複数の図形に同色の塗りつぶしや枠線などを適用したい時や、[図形の書式]タブや[図の形式]タブの配置メニューで左右、上下に整列などを行いたい時はとても便利です。
サイズ調整が簡単
図形や画像を挿入したあとで、キャンバスがちょっと大きすぎるな・・・という時は、サイズ変更ハンドルをドラッグしても良いのですが、もっと簡単にできるメニューが備わっています。
キャンバスの枠線上、マウスポインターが矢印+四方向矢印の形になる位置で右クリックします。

右クリックメニューから「描画に合わせる」をクリックします。

挿入したオブジェクトがちょうど収まる大きさに自動調整されました。

また、キャンバス内で色々な図形や画像を組み合わせてみたものの、文書内に挿入するには大きすぎる・小さすぎるなどの問題が出た場合は、キャンバス枠線上を右クリックした時のメニューにある「描画のサイズ変更」をクリックします。

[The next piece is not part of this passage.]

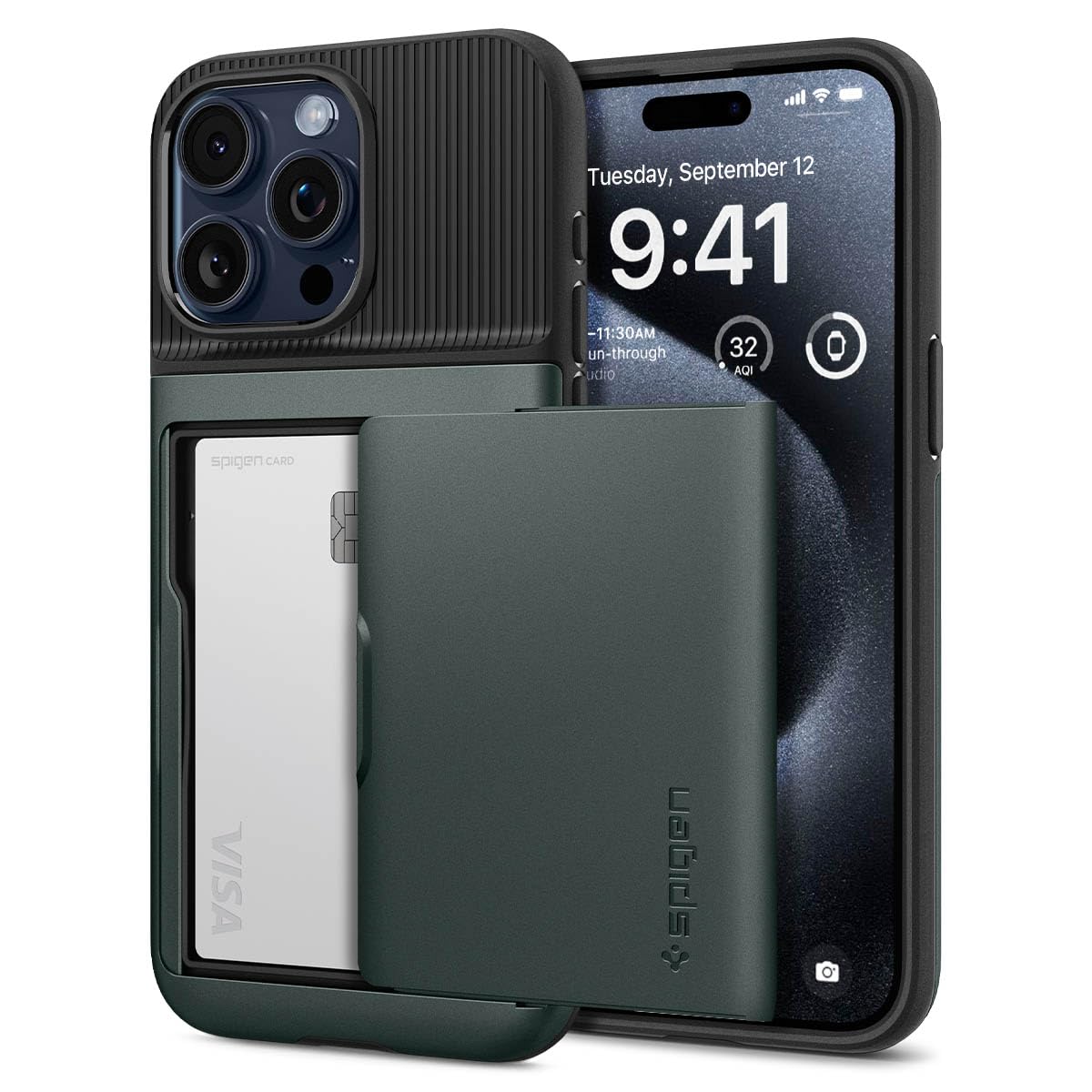 Spigen iPhone 15 Pro Max ケース カード収納 米軍MIL規格 耐衝撃 パスケース スリム・アーマーCS ACS06592 (アビス・グリーン)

この状態でキャンバスの角にあるサイズ変更ハンドルをドラッグすると、中に入っている図形や画像ごと拡大・縮小が行えます。ただし、ワードアートや図形内のテキストの大きさは変わりませんので、別途フォントサイズを変更するなどして調整しましょう。

グループ化しなくても配置を崩さず移動できる
複数の図形や画像の位置を移動したい時は「グループ化」しておかないと配置が崩れてしまうという問題がありますが、描画オブジェクトに挿入した場合はわざわざグループ化しなくてもキャンバスの枠線をドラッグすれば、配置を崩す事なくまるごと移動できます。

描画キャンバスで扱えるもの
描画キャンバスに挿入できるのは図形(テキストボックス含む)、画像、アイコン(アイコンメニューから入れられるステッカー、人物の切り絵、イラスト含む)、ワードアートです。
SmartArt、グラフ、3Dオブジェクトは入れられません。
表も挿入する事はできないのですが、表の場合はテキストボックスと組み合わせて配置をしやすくする方法があります。詳しいやり方は【Word】表の移動が自由自在!テキストボックス活用法の回で書いていますので、ご参考にしていただければと思います。